When we entered the narrow canal between the islands we were met with turquoise water, palm trees hanging over the white sandy beach and a wonderful mix of navy blues and lush greens with a soft blue sky backdrop. Peppered throughout the water way were catamarans and monohauls flying mostly, to my surprise, French flags.
After scooping out the area and having a bit of assistance from the locals in fishing boats, we dropped our anchor at the very back end of the canal. One of our charts noted a 2 meter depth further up and another chart said 9 meters. Our keel is 2.4 meters so we didn’t want to take any chances!
Little did we know that after dropping our anchor we wouldn’t lift it for five days!

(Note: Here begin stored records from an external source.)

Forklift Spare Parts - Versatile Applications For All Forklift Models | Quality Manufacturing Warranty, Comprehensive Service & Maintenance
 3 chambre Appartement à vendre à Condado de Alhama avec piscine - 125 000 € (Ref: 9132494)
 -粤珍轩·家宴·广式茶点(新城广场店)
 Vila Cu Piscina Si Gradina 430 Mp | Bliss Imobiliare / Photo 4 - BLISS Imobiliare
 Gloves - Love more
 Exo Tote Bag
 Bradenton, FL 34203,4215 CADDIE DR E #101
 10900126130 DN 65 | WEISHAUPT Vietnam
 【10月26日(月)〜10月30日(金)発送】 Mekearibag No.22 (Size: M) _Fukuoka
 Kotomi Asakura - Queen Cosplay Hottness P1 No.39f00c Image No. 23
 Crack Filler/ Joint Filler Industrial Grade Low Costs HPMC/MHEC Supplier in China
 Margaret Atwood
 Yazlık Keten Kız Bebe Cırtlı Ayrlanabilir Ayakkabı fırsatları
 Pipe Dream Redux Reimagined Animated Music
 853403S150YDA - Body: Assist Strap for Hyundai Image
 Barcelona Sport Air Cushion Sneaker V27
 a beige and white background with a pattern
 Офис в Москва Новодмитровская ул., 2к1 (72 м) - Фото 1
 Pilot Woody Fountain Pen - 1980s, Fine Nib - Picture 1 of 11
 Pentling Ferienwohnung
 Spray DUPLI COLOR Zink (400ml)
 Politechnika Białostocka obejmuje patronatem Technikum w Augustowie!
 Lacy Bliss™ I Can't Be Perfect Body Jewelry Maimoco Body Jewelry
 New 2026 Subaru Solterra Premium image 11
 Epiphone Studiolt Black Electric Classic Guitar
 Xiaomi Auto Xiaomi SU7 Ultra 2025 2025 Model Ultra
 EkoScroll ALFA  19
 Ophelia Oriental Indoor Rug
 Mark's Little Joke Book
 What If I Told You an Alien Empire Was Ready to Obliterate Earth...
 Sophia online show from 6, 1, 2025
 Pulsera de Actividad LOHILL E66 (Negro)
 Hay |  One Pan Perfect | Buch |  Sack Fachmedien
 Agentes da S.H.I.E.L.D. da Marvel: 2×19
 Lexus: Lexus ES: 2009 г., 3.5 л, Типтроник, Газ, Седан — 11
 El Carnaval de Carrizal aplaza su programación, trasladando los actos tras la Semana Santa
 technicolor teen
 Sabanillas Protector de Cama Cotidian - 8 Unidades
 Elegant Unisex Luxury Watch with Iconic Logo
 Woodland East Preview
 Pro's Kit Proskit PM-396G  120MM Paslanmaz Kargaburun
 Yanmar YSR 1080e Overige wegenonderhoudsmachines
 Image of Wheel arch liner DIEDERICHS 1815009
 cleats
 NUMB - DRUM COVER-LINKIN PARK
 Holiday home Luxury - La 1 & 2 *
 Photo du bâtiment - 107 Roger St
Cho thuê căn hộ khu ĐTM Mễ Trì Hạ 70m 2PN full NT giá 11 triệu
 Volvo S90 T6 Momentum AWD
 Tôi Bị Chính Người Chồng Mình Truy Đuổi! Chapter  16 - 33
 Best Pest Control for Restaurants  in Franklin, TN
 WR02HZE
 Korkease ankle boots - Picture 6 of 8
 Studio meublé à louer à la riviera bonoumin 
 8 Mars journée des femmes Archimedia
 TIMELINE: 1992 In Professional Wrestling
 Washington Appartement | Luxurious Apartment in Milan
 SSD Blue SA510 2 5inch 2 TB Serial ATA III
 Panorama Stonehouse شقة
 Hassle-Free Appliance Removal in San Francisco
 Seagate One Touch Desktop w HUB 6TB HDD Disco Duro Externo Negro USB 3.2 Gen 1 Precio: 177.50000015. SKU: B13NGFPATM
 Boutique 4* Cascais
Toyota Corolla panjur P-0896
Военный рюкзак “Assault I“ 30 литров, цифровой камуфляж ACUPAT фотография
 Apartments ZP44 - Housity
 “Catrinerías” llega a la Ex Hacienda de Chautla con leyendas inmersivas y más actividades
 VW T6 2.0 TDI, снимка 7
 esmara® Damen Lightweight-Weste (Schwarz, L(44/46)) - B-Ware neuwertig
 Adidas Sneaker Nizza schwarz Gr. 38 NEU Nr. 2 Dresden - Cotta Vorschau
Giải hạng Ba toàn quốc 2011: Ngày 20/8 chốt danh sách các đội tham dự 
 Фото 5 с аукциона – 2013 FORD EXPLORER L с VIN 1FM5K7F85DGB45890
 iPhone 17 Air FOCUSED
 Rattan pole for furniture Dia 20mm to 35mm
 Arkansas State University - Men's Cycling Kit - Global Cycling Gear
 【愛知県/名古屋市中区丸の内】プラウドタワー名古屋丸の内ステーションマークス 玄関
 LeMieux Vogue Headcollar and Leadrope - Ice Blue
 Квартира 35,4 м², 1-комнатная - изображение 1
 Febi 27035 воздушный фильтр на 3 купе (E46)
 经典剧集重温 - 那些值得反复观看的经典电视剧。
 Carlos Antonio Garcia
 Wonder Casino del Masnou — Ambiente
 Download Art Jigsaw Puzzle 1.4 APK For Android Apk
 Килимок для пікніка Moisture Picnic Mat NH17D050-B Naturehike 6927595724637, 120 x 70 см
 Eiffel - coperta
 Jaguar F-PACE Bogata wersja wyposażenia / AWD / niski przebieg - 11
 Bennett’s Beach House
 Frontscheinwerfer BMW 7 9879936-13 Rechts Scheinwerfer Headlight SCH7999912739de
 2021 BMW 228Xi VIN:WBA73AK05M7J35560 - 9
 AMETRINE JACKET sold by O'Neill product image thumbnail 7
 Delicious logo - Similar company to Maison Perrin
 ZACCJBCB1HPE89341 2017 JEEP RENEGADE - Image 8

Considering there’s nothing on the island – no shops, no services, no nothing I didn’t think we’d want to stay in one area that long. Of course I love solitude, nature and unspoiled beauty however I also love trying out local cuisine in the restaurants, nosing through boutiques, and being amongst people!
That being noted, we were not alone nor did we have to forego local cuisine
As luck would have it one of the boats we crossed the Atlantic with us (there were 250+ that crossed), anchored next to us. Our friends had two children so our daughter was sorted regarding the playing aspect. And then over the course of our five day stay another two ‘kid boats’ came in and anchored – all boats that crossed the Atlantic and all containing children.
Tobago Cays became a playground for the children and adults alike!
During the day we’d all take our dingy’s to the nearby beach or go for an adventure on one of the other islands. An area is cordoned off to swim with the turtles, however we had turtles all around the boat popping up every few minutes. None of them minded us snorkeling with and around them.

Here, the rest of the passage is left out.